Task brief ->
When you copy the data, keep every line exactly as written and skip the pictures.

Raw data ->
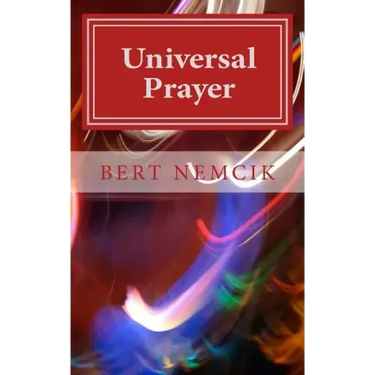 Universal Prayer: Enlightenment through Prayer in the Buddhist, Christian, Hebrew, Hindu and Muslim Traditions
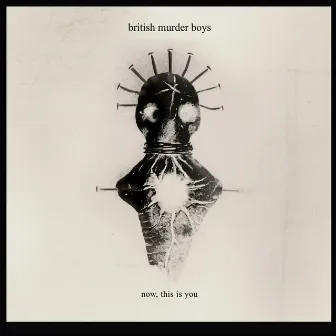 Now, This is You by British Murder Boys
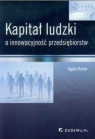 Kapitał ludzki a innowacyjność przedsiębiorstw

Solved exercise ->
 Universal Prayer: Enlightenment through Prayer in the Buddhist, Christian, Hebrew, Hindu and Muslim Traditions
 Now, This is You by British Murder Boys
 Kapitał ludzki a innowacyjność przedsiębiorstw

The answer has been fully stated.